→ **SUPPLIED MATERIAL**
++++++++++++++++++++
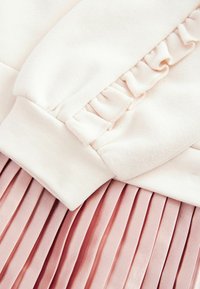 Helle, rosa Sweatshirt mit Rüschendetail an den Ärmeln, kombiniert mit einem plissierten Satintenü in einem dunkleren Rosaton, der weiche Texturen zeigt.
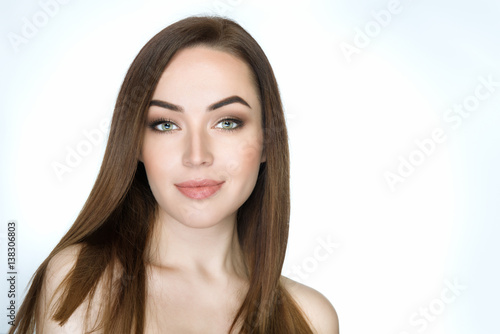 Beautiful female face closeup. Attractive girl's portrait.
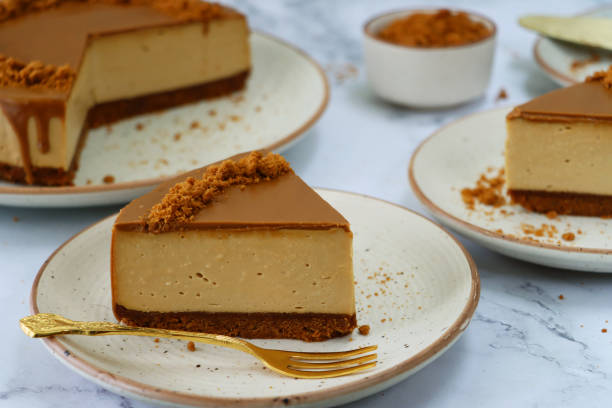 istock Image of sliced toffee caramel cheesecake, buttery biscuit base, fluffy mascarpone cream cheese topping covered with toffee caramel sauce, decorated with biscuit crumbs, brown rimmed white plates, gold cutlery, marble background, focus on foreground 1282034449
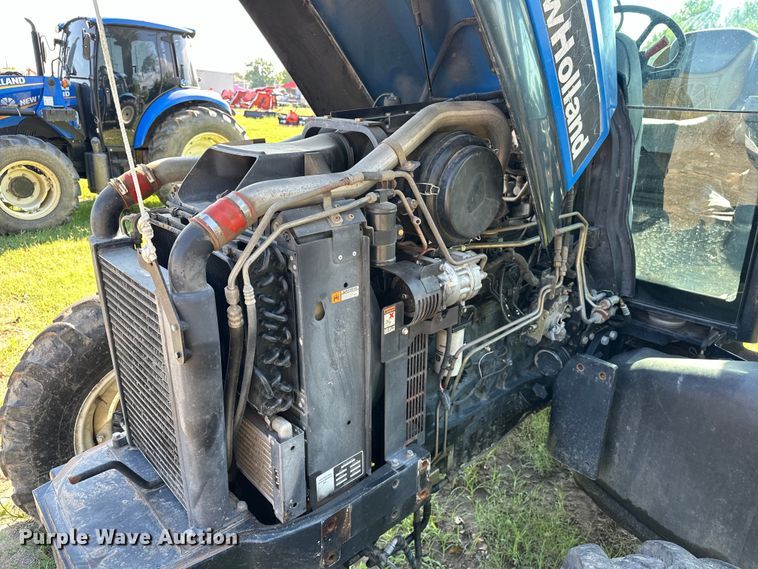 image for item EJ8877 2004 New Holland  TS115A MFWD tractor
++++++++++++++++++++
→ **REQUIRED WORK**
From the line with "istock Image of" through the final line of the data above, copy everything exactly, both ends included, but not the pictures.

→ **EXERCISE RESULT**
 istock Image of sliced toffee caramel cheesecake, buttery biscuit base, fluffy mascarpone cream cheese topping covered with toffee caramel sauce, decorated with biscuit crumbs, brown rimmed white plates, gold cutlery, marble background, focus on foreground 1282034449
 image for item EJ8877 2004 New Holland  TS115A MFWD tractor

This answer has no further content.